[DATA SHOWN — start]

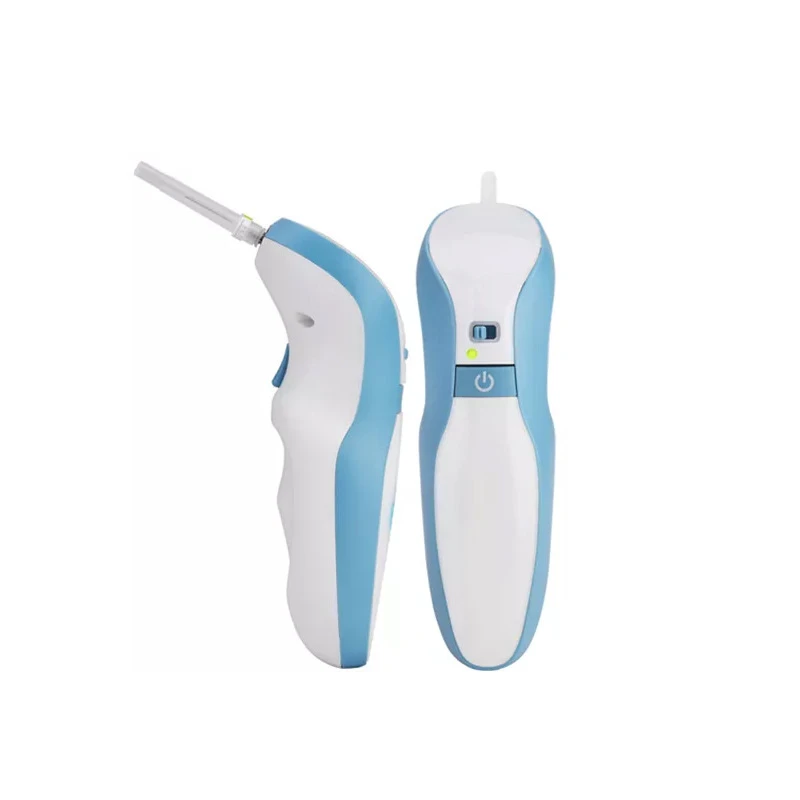 Eye Face Lifting Spot Freckle Scar Mole Wart Wrinkle Nevus Remove Plasma Pen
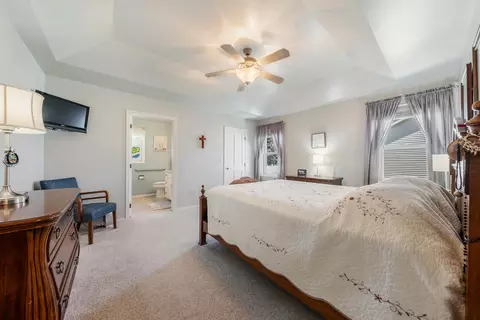 w5836 Sweet William Drive, Appleton, WI 54915 photo 14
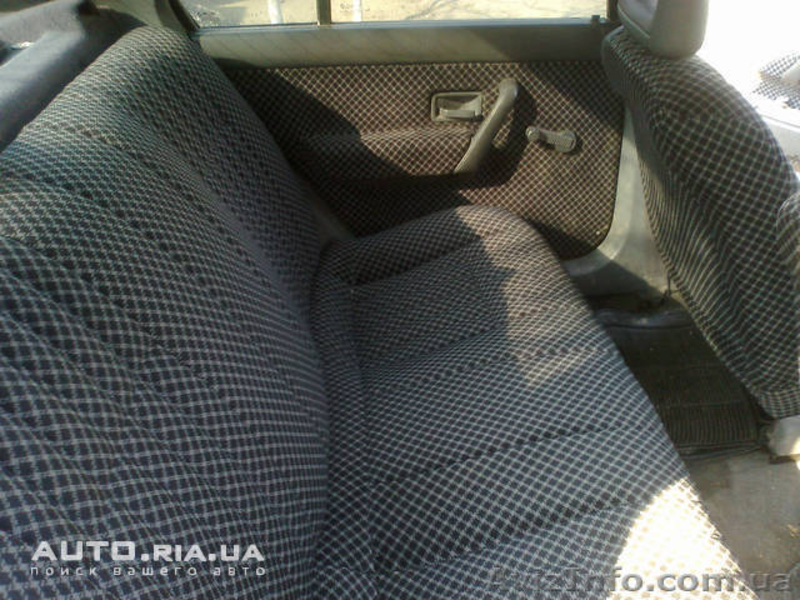 рено 19 продам срочно - <ro>Изображение</ro><ru>Изображение</ru> #5, <ru>Объявление</ru> #617396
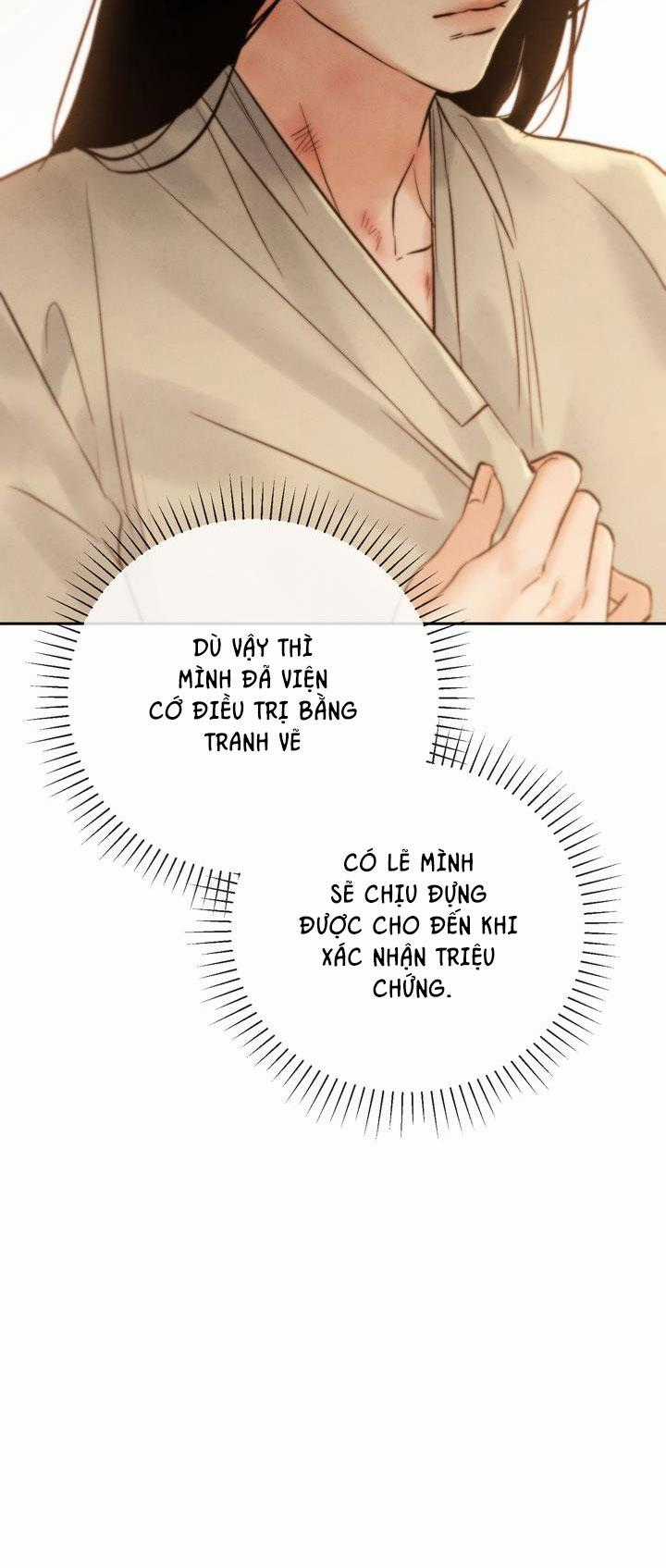 Thuốc Độc Chapter 17 trang 75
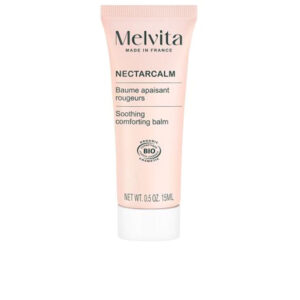 MELVITA : NECTARCALM soothing anti-redness balm 15 ml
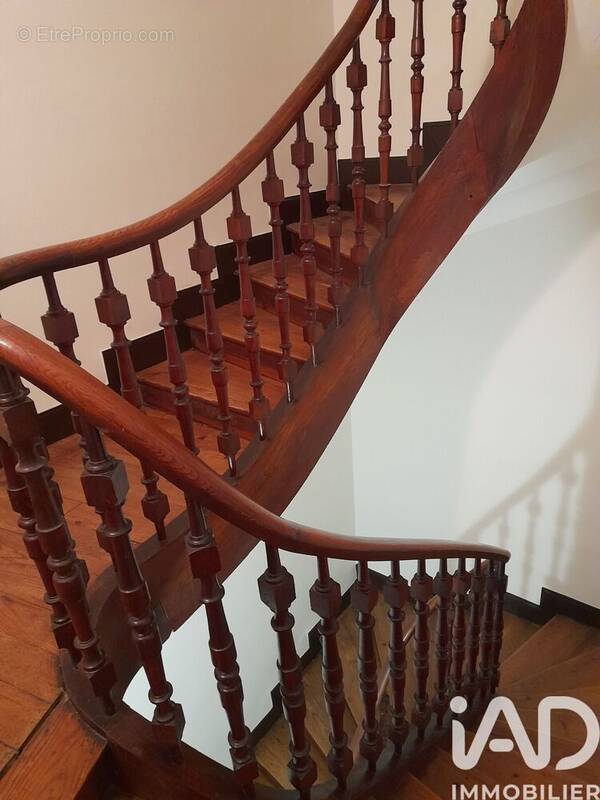 Photo 1 - Appartement à BIARRITZ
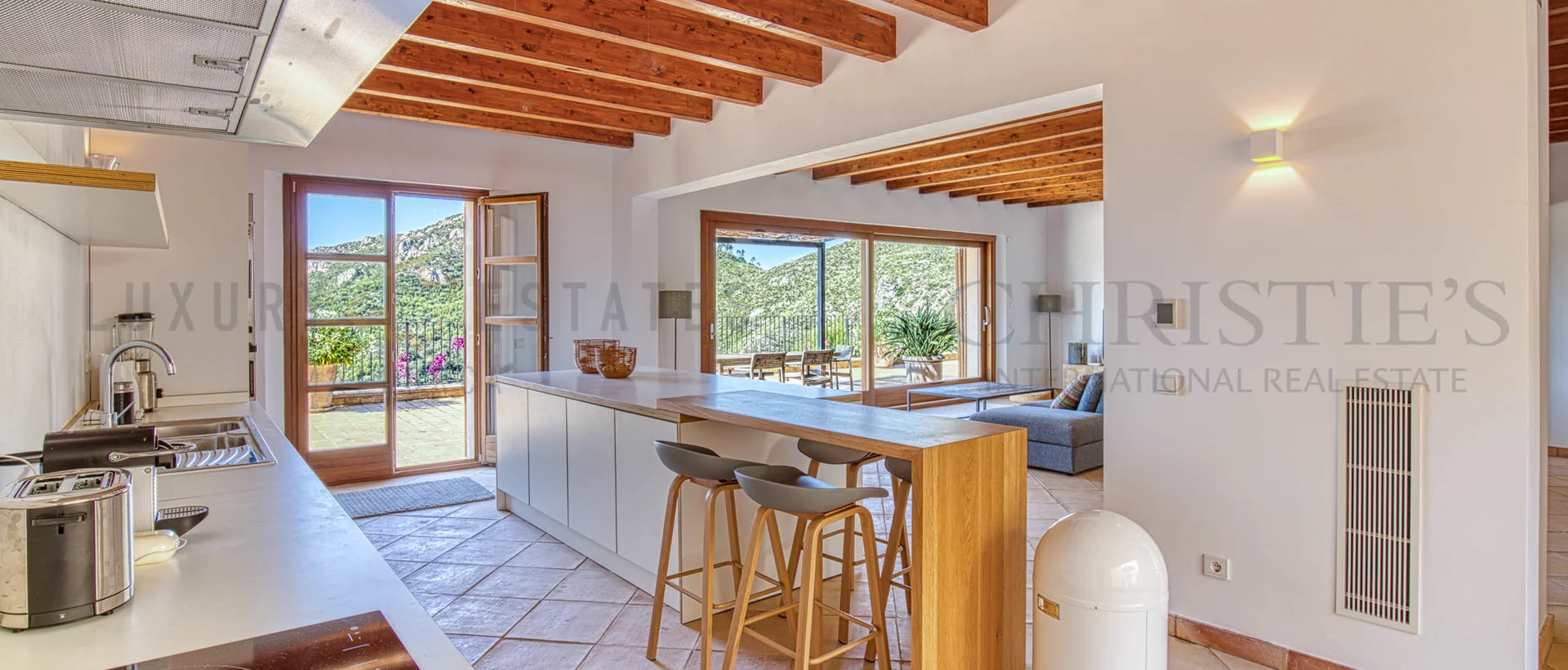 mallorca finca andratx sea views 5 mallorca finca andratx sea views 5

[DATA SHOWN — finish]

§ REQUIRED ACTION: Everything in the listing except the pictures must be reproduced exactly.

§ ANSWER TO THIS EXERCISE:
 Eye Face Lifting Spot Freckle Scar Mole Wart Wrinkle Nevus Remove Plasma Pen
 w5836 Sweet William Drive, Appleton, WI 54915 photo 14
 рено 19 продам срочно - <ro>Изображение</ro><ru>Изображение</ru> #5, <ru>Объявление</ru> #617396
 Thuốc Độc Chapter 17 trang 75
 MELVITA : NECTARCALM soothing anti-redness balm 15 ml
 Photo 1 - Appartement à BIARRITZ
 mallorca finca andratx sea views 5 mallorca finca andratx sea views 5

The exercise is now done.